This Sunday, Dec 16 I gave a talk on "Quakers and the Interfaith Movement" sponsored by the Interfaith Study Group, at the Pasadena Jewish Temple and Center. When I arrived, I realized that my printer had run out of paper and I didn't have the last ten pages of my talk. So I "winged out." I let people ask me questions about Quakerism and they were so eager that every time I answered a question, half a dozen hands flew up, wanting to know more. It was a teacher's dream!
I was also pleased that Jill was able to share her reflections about Quakerism and about an interfaith program to help homeless families called "Family Promise." I was so happy that Jill and I are working together as a team.... thereby fulfilling our wedding vow that "the Prince of Peace has brought us together for a purpose greater than either of us can imagine..."
Here's a draft of what I intended to say:
I want to thank Betsy Perry for inviting me to speak at this occasion, and I want to thank the Pasadena synagogue for hosting this event. I admire very much Rabbi Grater’s deep commitment to peace and justice work and I know several members of this congregation are active supporters of my wife’s concern, affordable housing, and have gone to City Council meetings to raise this issue. Betsy and I met at All Saints this spring during the series on nonviolent activism, “A Force More Powerful,” led by Rev James Lawson. Betsy is delightful person and has come to my home to take part in discussion groups relating to peacemaking and the bible. I love the work that All Saints is doing, like hosting the MPAC conference—I hope it went well. If I were not a Quaker, I’d probably be attending All Saints. In fact, when the IRS began hassling All Saints because of George Regas’ controversial sermon on “Who would Jesus vote for,” I became a solidarity member of All Saints. I am delighted to be able to share with you something about the Quaker approach to interfaith peacemaking.
I’d like to begin by sharing how I became an interfaith Quaker twenty five years ago (not coincidentally, my email address is “email@example.com). What I mean by an interfaith Quaker is simply a Quaker who is open to the wisdom and religious practices of other religions, but is nonetheless deeply rooted in Quakerism.
I first became a Quaker in Princeton, NJ, my home town, in 1984. I was drawn to Quakerism because I love the Quaker practice of silent, open worship. I also love the Quaker commitment to peace and justice. And I love the Quaker belief that each of us can have direct inward access to God, or Truth, through the Inward Light. This is the Light described as the Logos in the Gospel of John: “the true Light that enlightens everyone was coming into the world.” Quakers believe that the Inward Light is present in everyone, and indeed, in every living creature, since the Gospel of John also says: “Through him (the Light of Christ, the Logos) all things were made, and without him was not made anything that was made.” In other words, the Logos created and is present in every person and in everything—including every religion—to some measure.

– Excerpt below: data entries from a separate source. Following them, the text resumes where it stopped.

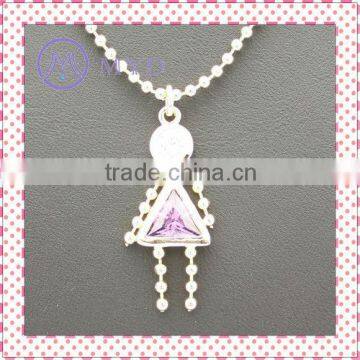 Little Figurine Girl Shaped Pendant with Bead Chain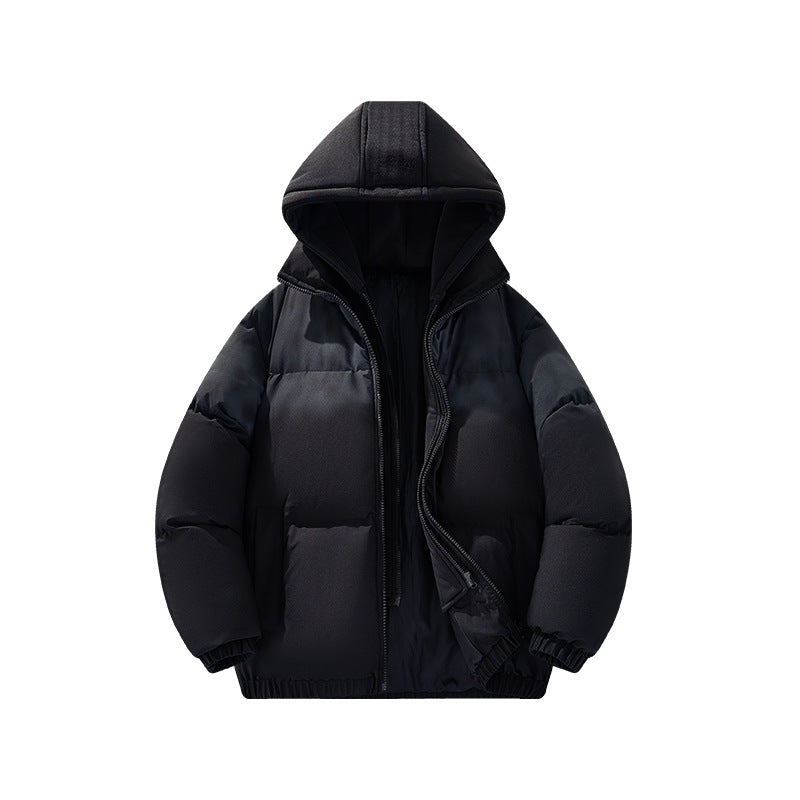 Herren Gefütterte Oversize-Steppjacke mit abnehmbarem Kapuzen‑Einsatz und Farbverlauf Drune
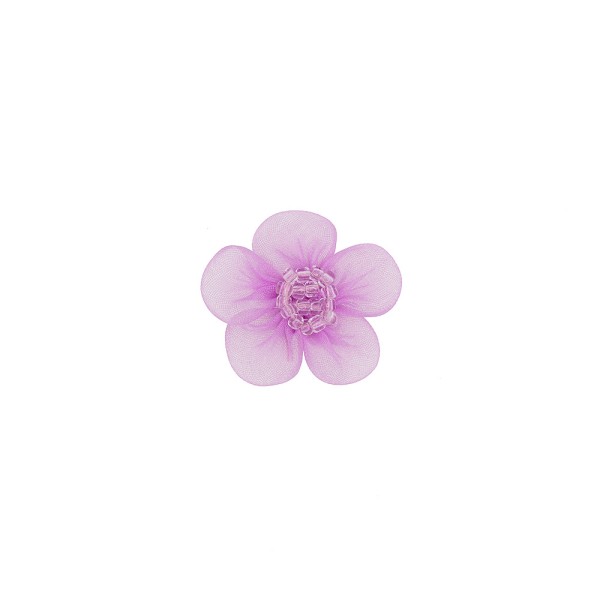 ORGANDY AND BEADS FLOWER MOTIF - LILAC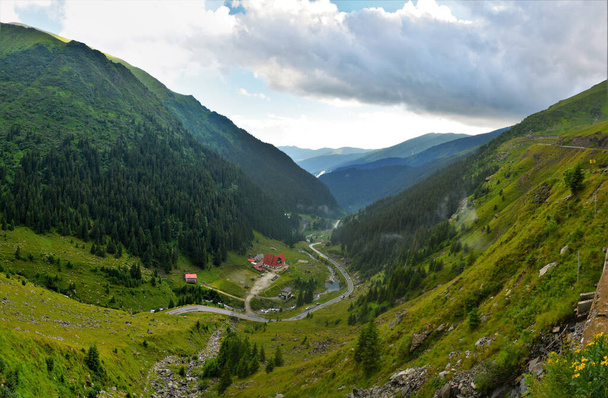 A closeup shot of the Transfagarasan winding road in Fagaras Mountains in Romania - Fotoğraf, Görsel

I found this Universalist approach very appealing since I have been deeply interested in other faiths ever since having a profound experience of Christ in 1971. I became a seeker and learned much from people of other faiths—Hindus, Buddhists, Bahais—as well as Christian denominations like the Congregationalists and Presbyterians. Soon after attending Princeton Friends Meeting in 1983, I met Quakers who were involved in a magazine called “Fellowship in Prayer,” now called “Sacred Journey.” This magazine was founded in 1949 (the date of my birth) by a missionary named Carl Evans who believed that war would end if people of different faiths prayed together for peace.
Evans was ahead of his time, a pioneer in interfaith peacemaking. Thanks to my Quaker friends Ed Miller and Herymon Mauer, I became editor of “Fellowship in Prayer” magazine and had the opportunity to meet and interview spiritual leaders and teachers from various traditions—Jewish, Sufi, Buddhist, Native American, etc. This was the beginning of my interfaith journey as a Quaker.

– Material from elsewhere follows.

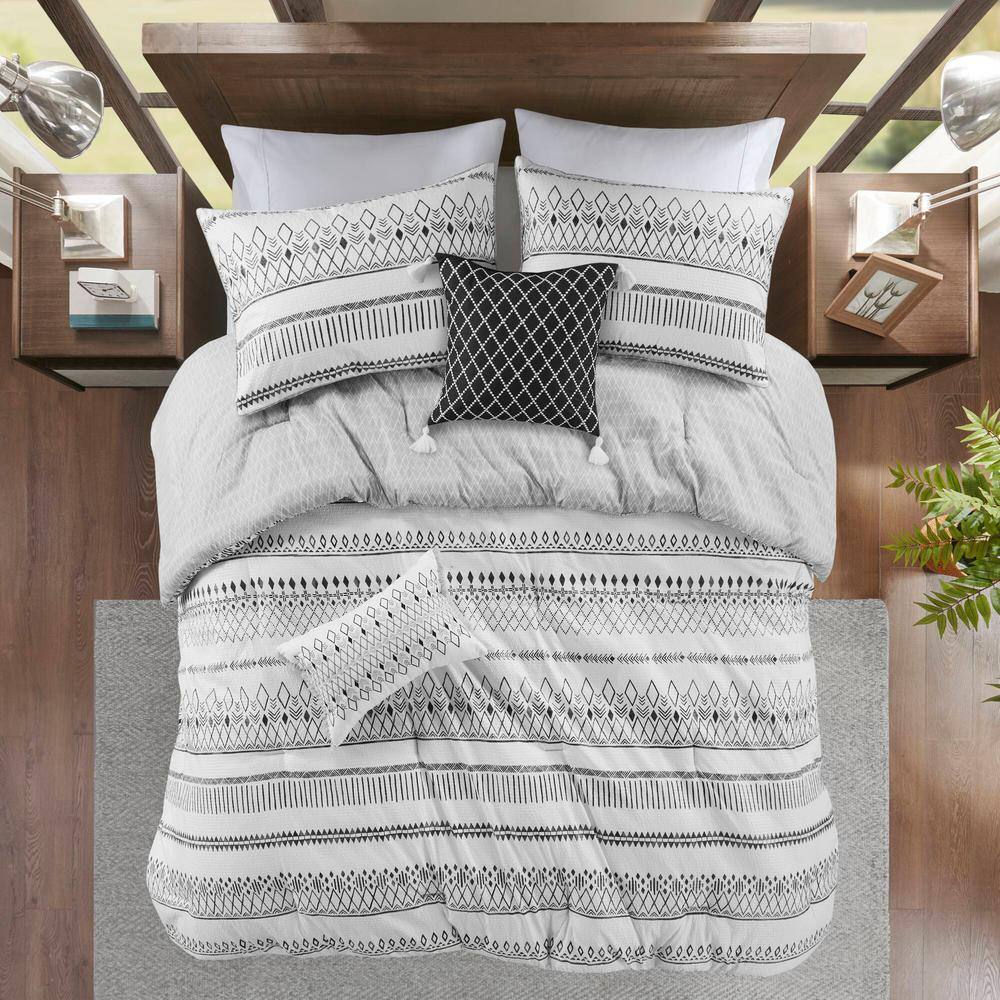 King Blue Microfiber Reversible Comforter Set with Decorative Pillows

Herrymon Maurer, my first Quaker mentor, became interested in Taoism when he went to China to teach in the early 1940s, just before World War II broke out. Herrymon wrote an imaginative biography of Lao Lzu and translated the Tao Teh Ching with a commentary based on quotations from the Bible, the Quaker anti-slavery activist John Woolman, and Martin Buber’s Hassidic tales. Herrymon saw the Tao as a profoundly prophetic work—one that called for social as well as personal transformation. I owe Herrymon a huge debt of gratitude for helping me see the links between Quakerism and Taoism, as well as the universality of the Way.
My other Quaker teachers during this period were Joe and Teresina Havens. Joe was a psychologist and Teresina earned a doctorate in religion from Yale in the 1930s. Her specialty was Buddhism. The Havens were an amazing couple and modeled for me what it meant to be a genuine Quaker. They lived simply and devoted their lives to spirituality and social activism. When they retired, they started a retreat center near Amherst where I often went for spiritual renewal. Teresina believed that Nichiren, a thirteen-century Buddhist monk, had many affinities with Quakers since he strongly opposed war. She was right. Followers of Nichiren formed the Sokka Gakkai branch of Buddhism and became ardent advocates for peace.
In 1986, while I was editor of “Fellowship in Prayer,” I became intrigued by a Korean Zen Buddhist teacher named Soen Sa Nim. I went to live and study in his Zen center in Providence, RI, for nine months. The Quakers of Princeton Meeting were very supportive. When I had the opportunity to lead a group of Tibetan monks on a concert tour in New Jersey, Princeton Meeting warmly welcomed them. My first published article in a Quaker journal described the incredible multi-tonal chanting of these tantric monks and was called “Listening to the Light.” I have subsequently published an article about my experience studying tantric Buddhism with the Dalai Lama.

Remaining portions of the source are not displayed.